Quote:
Originally Posted by Bobo Fett
Well sure, I get that. I guess I'm just surprised, or disappointed, how this seems to be taken as standard operating procedure by everyone. Not that people aren't upset about a lot of things I mentioned, but the way the elections are run doesn't seem to be questioned a lot of the time - at least that's the way it appears to me, as someone on the outside looking in.
As an example, earlier today I watched Don Lemon on CNN criticizing the Florida recount process - but it was mostly about the counties themselves. Obviously they look pretty incompetent, and they certainly should be criticized - I'm just surprised that he (and others) seem to be fine with the letting the state itself slide. I mean, as we all know, this **** goes back to all the hanging chad crap from 18 (!) years ago, and they still can't get their **** together??
The system is broken. Really, really broken. And too many people seem to just accept it.
And it's not like I can't relate or am pointing an LOLUSA finger, because there's ****ed up things here with government and elections that are very difficult to change and thus are just accepted, so I get that's why it happens a lot of the time. I'm also happy to see that some initiatives to fix redistricting passed, so it's not like nothing is changing. But JFC, this has to be super frustrating for a lot of people.
Also, I don't just look at Republicans - I find it hard to believe Democrats don't take advantage of a lot of this stupid **** when and where they can. But it does seem the most repugnant stuff like voter suppression is happening mostly, if not entirely, on the Republican side. And to hear Trump keep parading out his millions of fraudulent votes crap over and over again...ugh. Yeah, I know, playing to his base.
Eagerly waiting for the pendulum to swing back on how divided the US is becoming, but I'm starting to wonder how that will happen.
Voting is fine and all but don't forget a lot of the important things most people cherish about our political system weren't quite voted on, didn't come from first through statutory changes, or those laws were way downstream from the application of popular will to other parts of the system first. That is, the culture changes, the zeitgeist changed, circumstances changed, and then public pressure erupted, wars were fought, or courts ruled, whatever -- and then the votes followed and the laws changed.

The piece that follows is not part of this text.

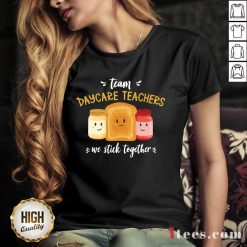 Team We Stick Together Sandwich Daycare Teacher V-neck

The obvious example for most people is the civil rights movement, which you can trace back to Reconstruction and Jim Crow, or maybe WWII, certainly Brown v Board in 1954, and it's still 10 years after intense public struggle (Montgomery bus boycott, school desegregation battles, sit-ins, Freedom Riders, the Albany Movement, the March on Washington, bombings of black churches, the Freedom Summer) -- and it's only then, after like an incredibly difficult 10 years of activist struggle against entrenched white supremacy do you get the Voting Rights Act. It wasn't the other way around, the VRA didn't precipitate the Civil Rights Movement, it was like one of its final achievements.
And so: your anxiety is well founded but this sort of chicanery and manipulation of the voting system has a lot of historical precedent.
Which is to say, we should get comfortable with the idea that change will come from elsewhere and outside first and dismantling voter suppression schemes will follow.
Last edited by DVaut1; 11-16-2018 at 06:25 AM.